Choreographic workshop gives dancers freedom to create

Jeff Ewing assists Andrea Chickness and Ian Law with their dance pose at Carnahan-Jackson Studios. Photo by Demetrius Freeman.

Taylor Rogers | Staff Writer

Chautauqua School of Dance’s annual choreographic workshop gives Festival and Apprentice students the opportunity to experience choreography from the other side.

Mark Diamond, associate artistic director of Chautauqua Dance, said the idea is to get the students to think outside the box and become better dancers by learning the efforts of a teacher.

“We talk to them a lot about choreography, and we talk to them about different influences on choreography and on dancers,” he said.

Those students interested in creating a piece for the workshop went through a selection process with dance faculty. Eight works were chosen to be shown to the public at 5 p.m. today in the Carnahan-Jackson Studios.

Dance faculty members begin the process by talking with the students about their options, from the proper use of space and dancers to selecting the right music. Diamond said he encourages the dancers to create pieces that are nontraditional — less classical and more contemporary, as classical is part of their everyday experience.

“We really encourage them to work outside of classical ballet so they can experiment with making up some new kinds of movement,” he said. “We really want them to be as creative as possible.”

Roughly 13 students signed up this year, Diamond said. They had one week to come up with a concept and about one minute of movement. Faculty members then narrowed that group to the eight who will present a work at today’s studio performance.
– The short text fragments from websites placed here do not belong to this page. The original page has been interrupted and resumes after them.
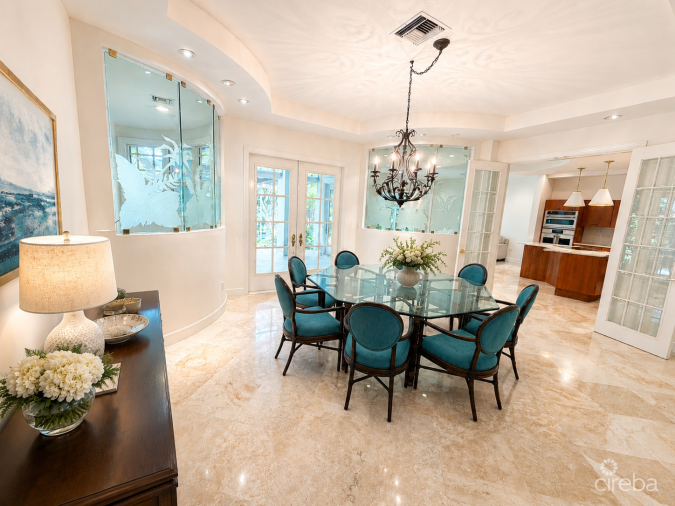 RARE KING'S COURT VILLA IN BRITANNIA | SEVEN MILE BEACH CORRIDOR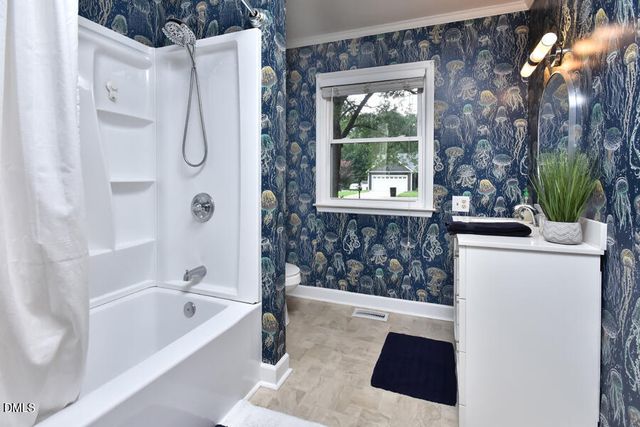 1012 Arthur Drive, Graham, NC 27253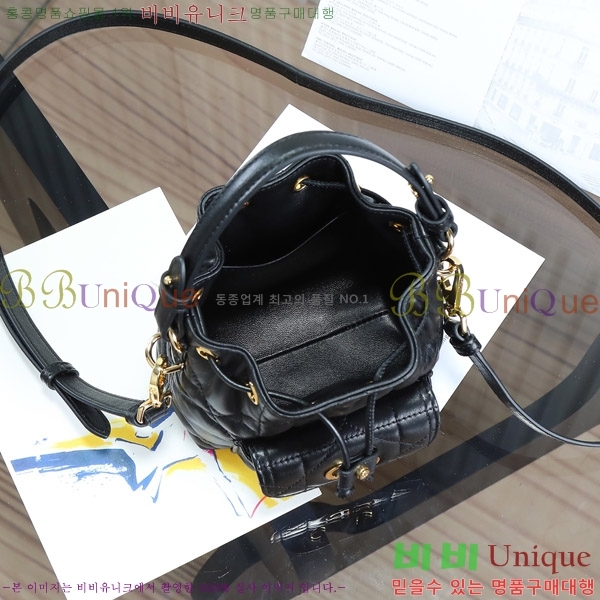 # ī  Ŷ M3372-501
Those Festival and Apprentice students who are not choreographing are divided up among the choreographers so that everyone is participating in some form, Diamond said.

In an effort to make it as hands-on as possible, the choreographers must then schedule their own rehearsal time and find a musician to perform live with the dancers. Diamond said the students were encouraged to network with the Music School Festival Orchestra, giving them the option to use music from the upcoming recitals.

As the choreographers finish their dances, they go through two more rounds of judging, with faculty members making any final suggestions before the preview.

Diamond said the choreographic workshop is not a competition, but the faculty does choose one choreographer to receive an award at the end of the workshop.

It’s a difficult decision, he said, because normally all the pieces are quite good.

There’s also the possibility that a student’s work will be performed at Sunday’s student gala.

Kaila Feldpausch, a Festival student from Miami City Ballet School, choreographed one of the eight ballets to be performed today.

Her piece features five women. She said the movement is both “lyrical” and “spritely.”

After meeting a violinist on the grounds, she said she chose a Suzuki-method violin solo that is simple and classical to accompany her ballet.

Feldpausch described the overall experience as challenging, though the freedom allotted to her gave her a real taste of a choreographer’s responsibilities.

“It’s much different, but I really think it changes how you view learning pieces and learning repertoire,” she said. “You learn how to teach someone something, whether it be complicated or adagio, so I’m learning a lot from it, though it is a lot of work.”